[Source records]
Start of Block
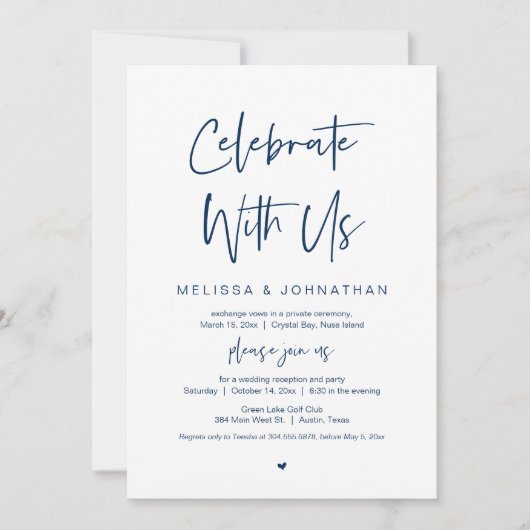 Invitation Fêtez avec nous, Mariage Elopement Party (Devant)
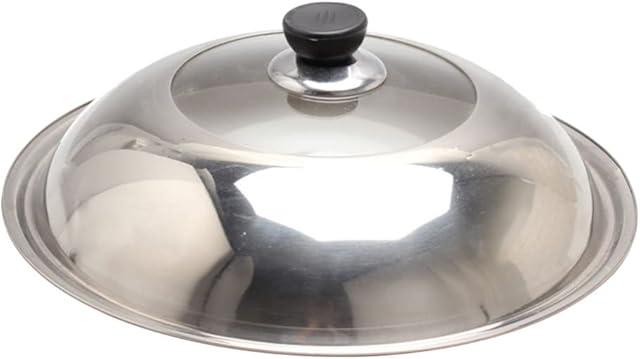 HEMOTON Stainless Steel Pot Lid Replacement Frying Pan Cover Cast Iron Skillet Lid Universal Lid for Pots Pans Skillets 28cm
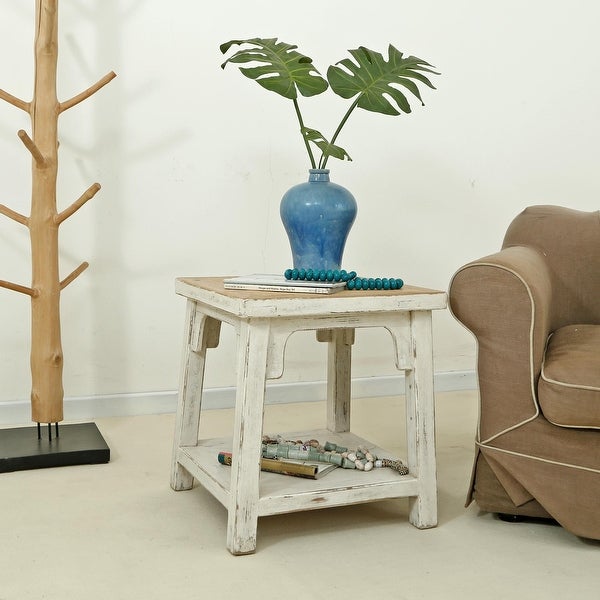 Artissance Amalfi Side Table, 24 Inch Tall, Antique Off White - 22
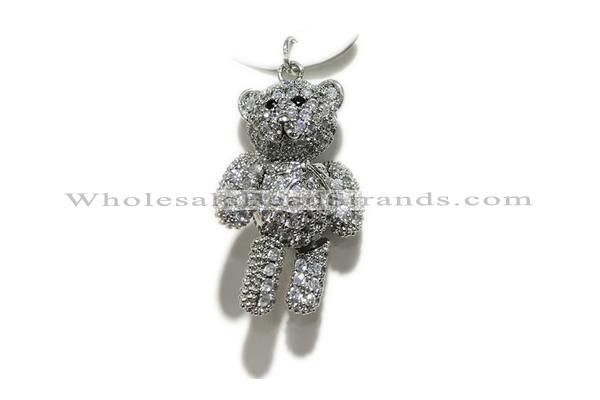 Pend199 20*28mm copper bear pendant pave zirconia silver plated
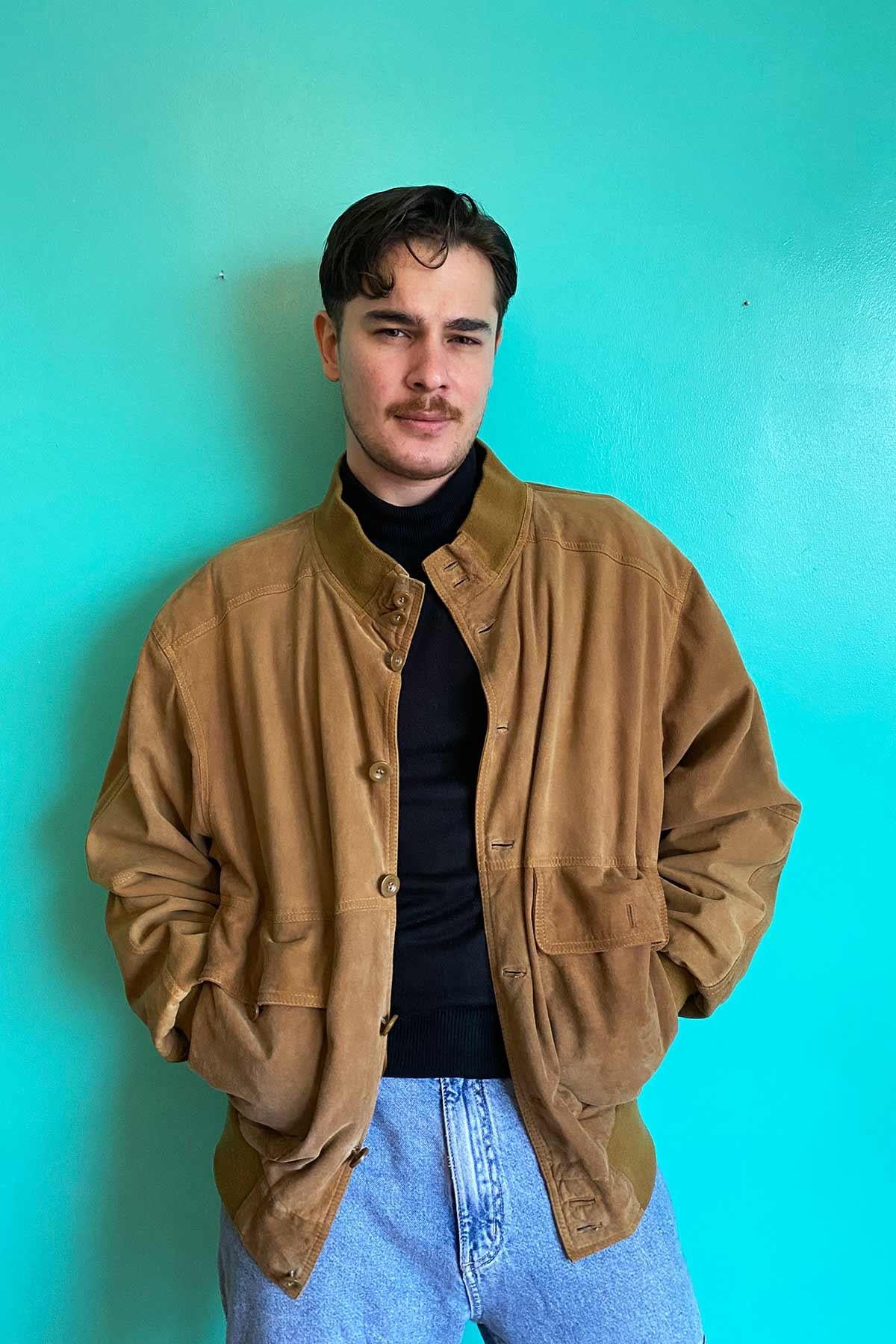 Vintage Bomber Süet Deri Mont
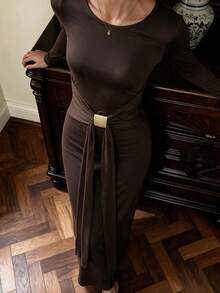 Sookaug Sexy Fitted Waist-Defining Pendant Long Sleeve Knit Maxi Dress With Open Back And Ruched Bodycon Design, 2026 New Arrival - Brown - View 8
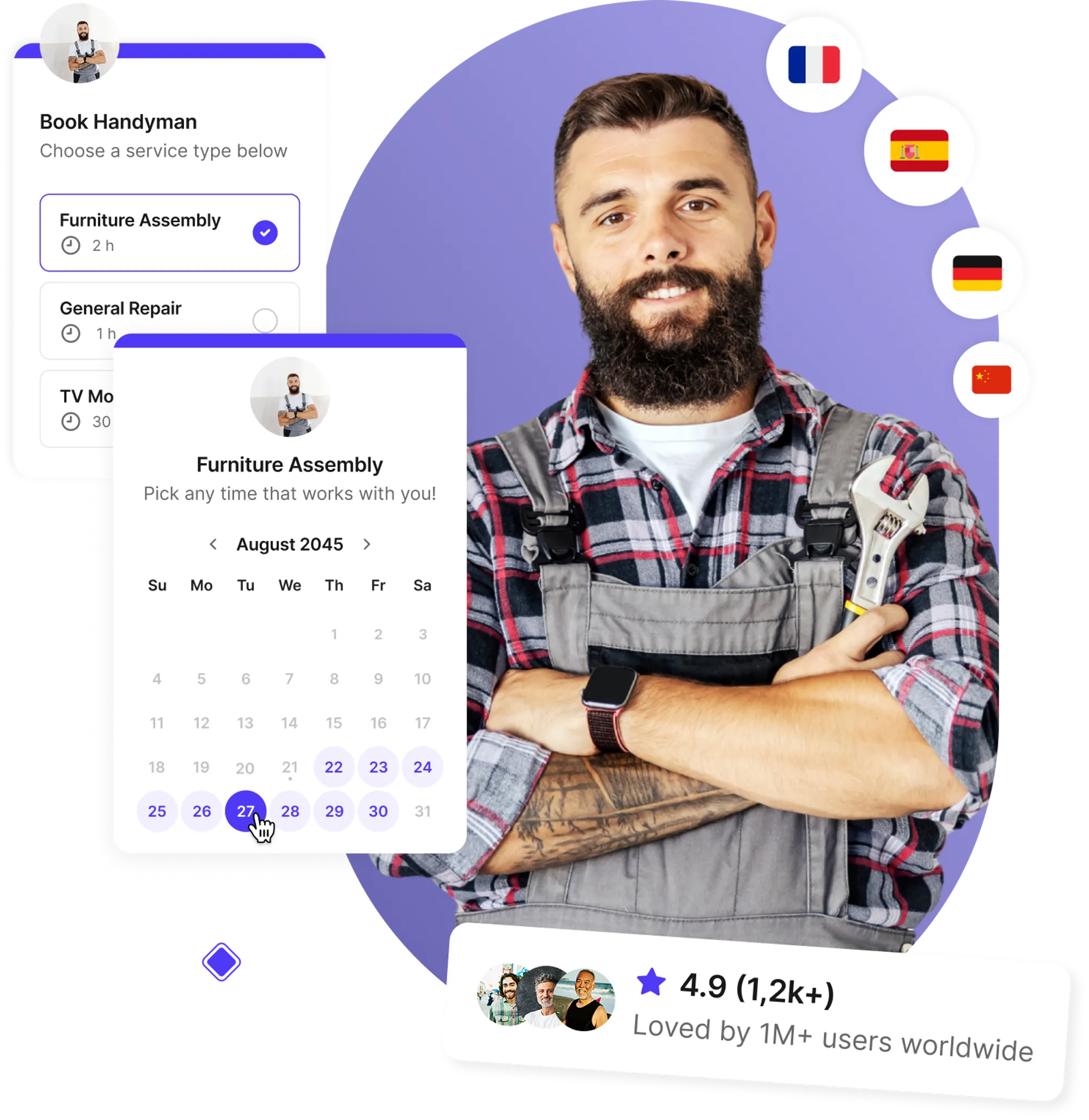 Handyman scheduling software dashboard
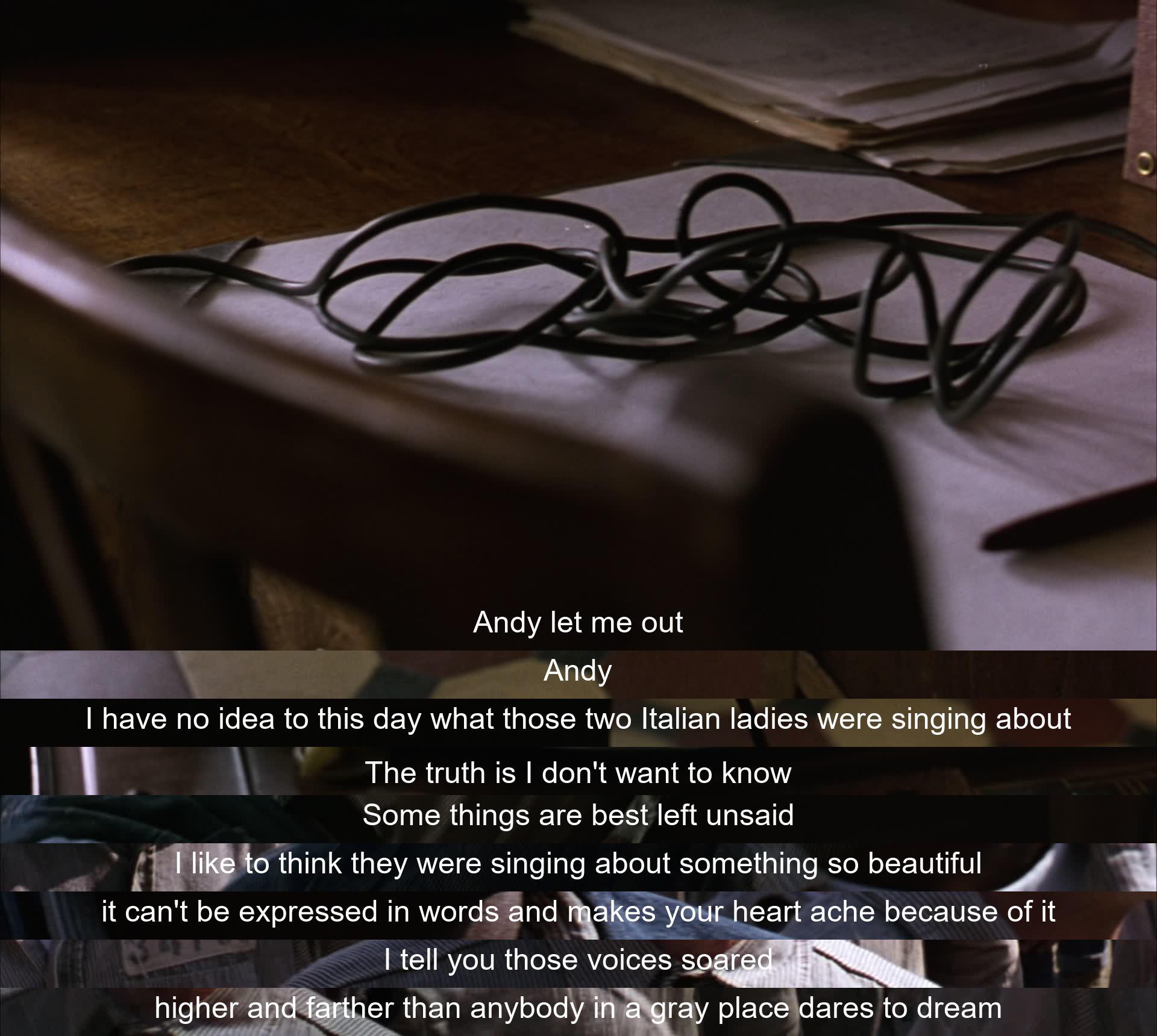 One character expresses admiration for a mysterious Italian song, believing its beauty transcends words, causing deep emotions. They're captivated by the singers who seem to reach higher heights, defying the dullness of their surroundings with their soul-stirring performance.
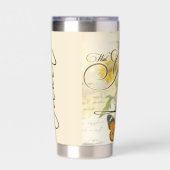 Met God Zonnebloemen en vlinder gepersonaliseerd Geïsoleerde Drinkbeker (Achterkant)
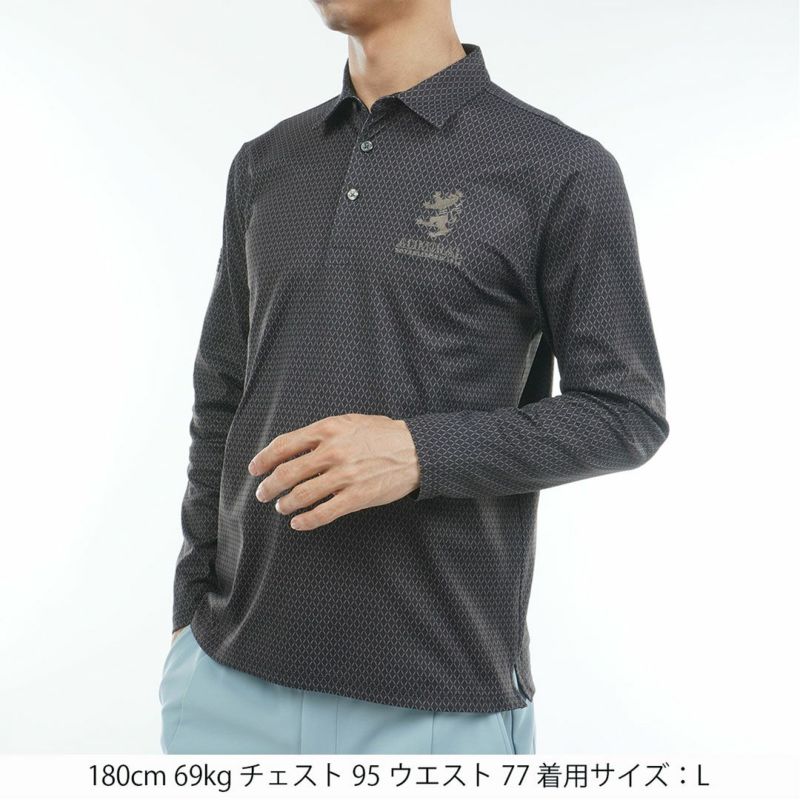 [アドミラル ゴルフ]メンズ 小紋柄 裏起毛シャツ　ブラック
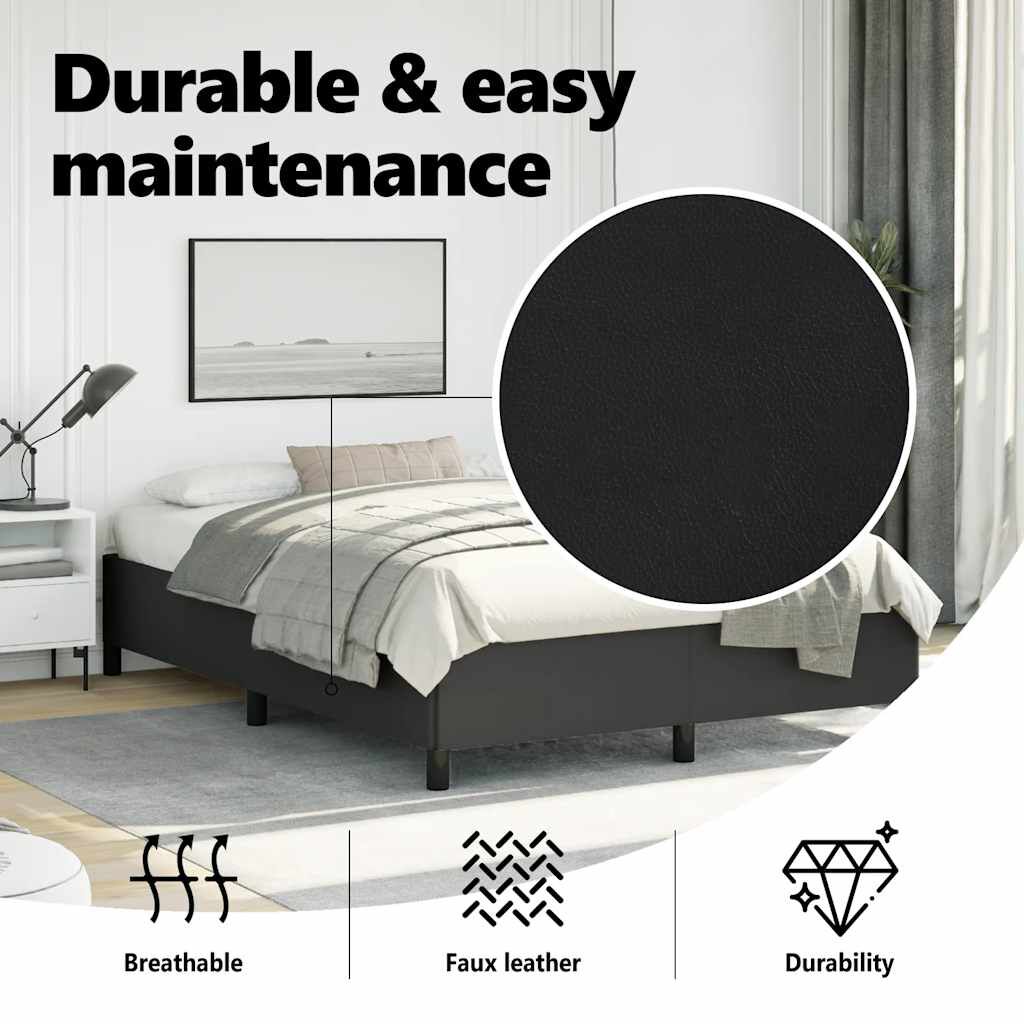 vidaXL Bed Frame without Mattress Black 152x203 cm Queen Faux Leather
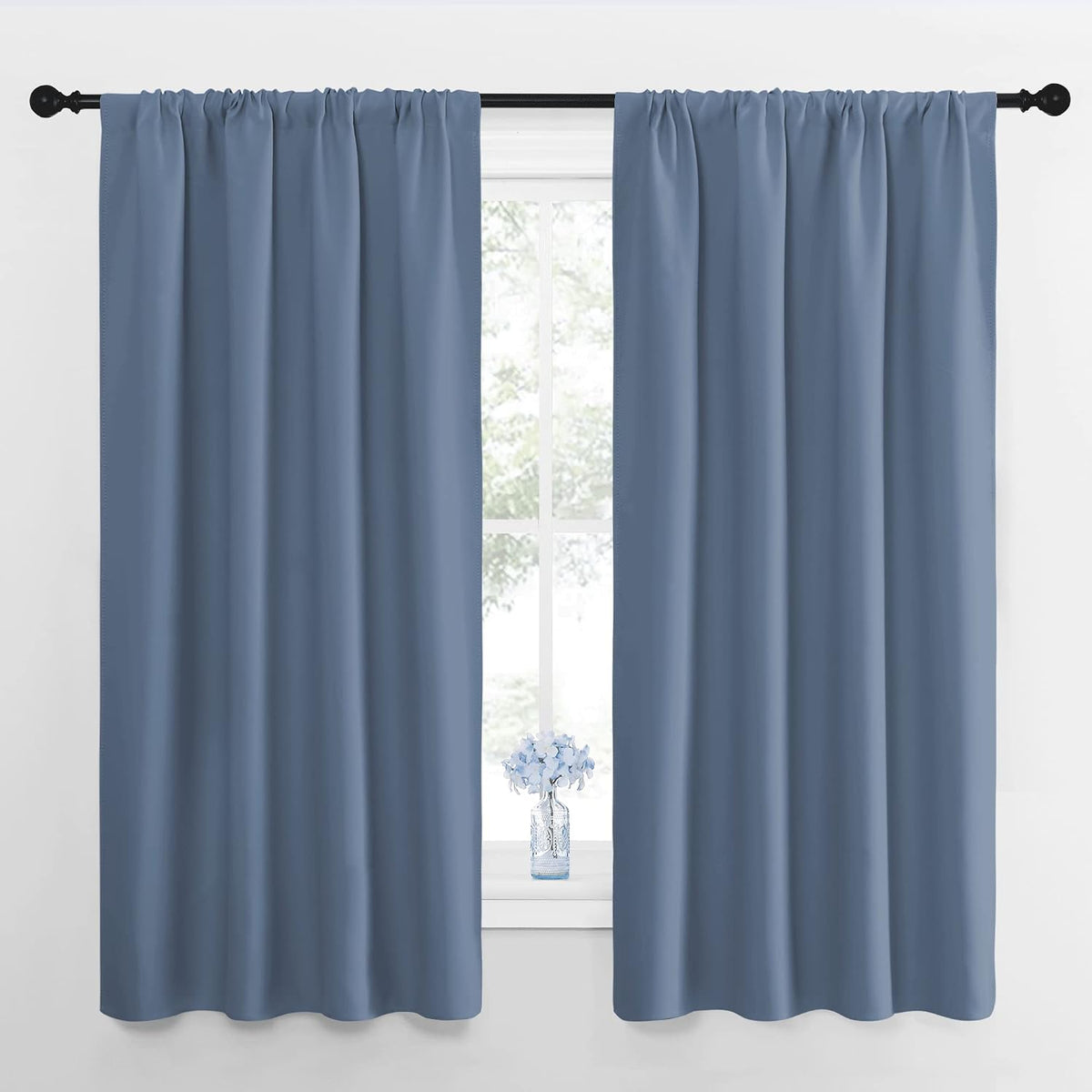 63"L x 42"W polyester curtains in Stone Blue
End of Block
Using the records above, copy exactly and only the lines from the line with "One character expresses" through the end, both included; leave every picture out.

 One character expresses admiration for a mysterious Italian song, believing its beauty transcends words, causing deep emotions. They're captivated by the singers who seem to reach higher heights, defying the dullness of their surroundings with their soul-stirring performance.
 Met God Zonnebloemen en vlinder gepersonaliseerd Geïsoleerde Drinkbeker (Achterkant)
 [アドミラル ゴルフ]メンズ 小紋柄 裏起毛シャツ　ブラック
 vidaXL Bed Frame without Mattress Black 152x203 cm Queen Faux Leather
 63"L x 42"W polyester curtains in Stone Blue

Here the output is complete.